I've gone inside and checked it out and I figured the problem, it's the ribbon between the screen and the motherboard, there's a fault within the wire that somewhat comes from out of nowhere, it's extremely odd how the screen 'fuzzes' this way, "Lines of White" I'd like to formally and officially address this as from now on. 


Odd findings:

The problem seems to be so delicate, the way it happens to "fix itself" after 5-30 minutes (varying on the heat generation of the laptop), was because the heat generating within the screen that's affecting the cables slightly softens them and they self bend into proper position. Lol couldn't ever imagine thanking my laptop for getting hot..


The fix..? 

Simple, yet.. very disappointingly annoying to do, send it in for a new ribbon cable (The cable connecting your screen to your motherboard) and have it replaced.

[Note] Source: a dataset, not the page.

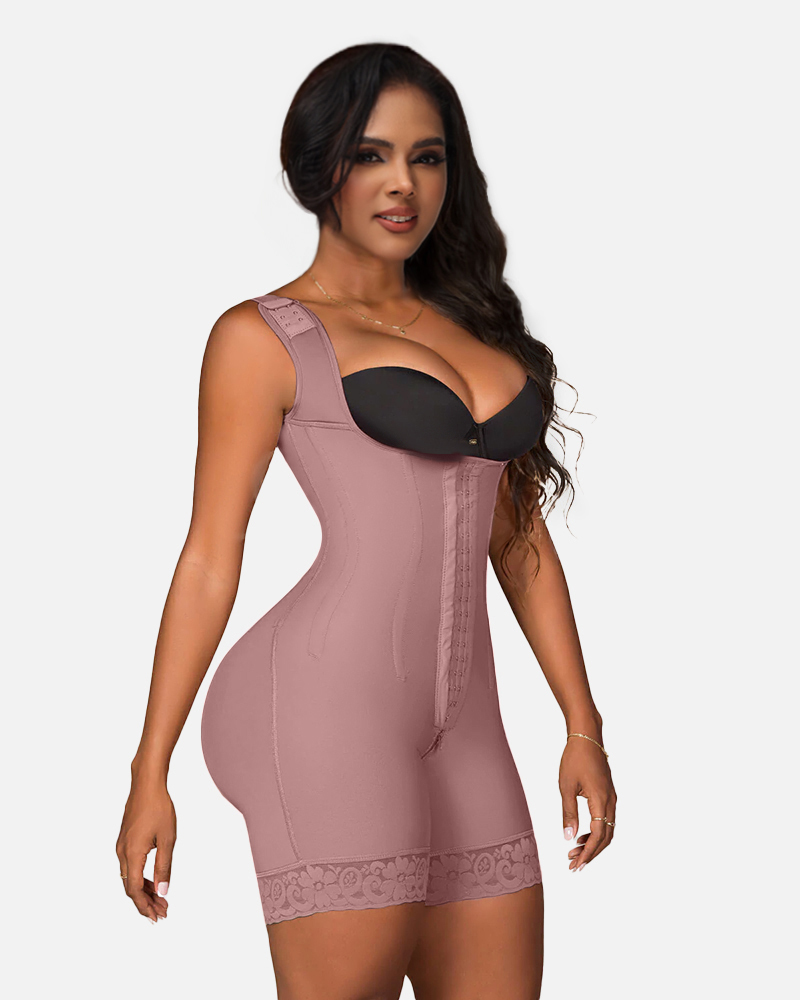 Women Faja Tummy Control Open Bust Shapewear Thigh Slimmer Zipper Crotch Body Shaper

Note: You can NOT fix this yourself without the new cable, you'd rather poke it a little until the screen is fully functional again for the session you're having with it and do a complete external backup before sending it in, although, if you are a computer veteran, then dare to try it yourself, but make sure you use a NEW cable.


Close:

But yes, currently as I'm writing this I'm sitting on my bed crying, eating ice-cream as I backup my HDD to my XHDD, ready to say byebye to my wonderful lappy for a week.. (nah lul jk xD)


----------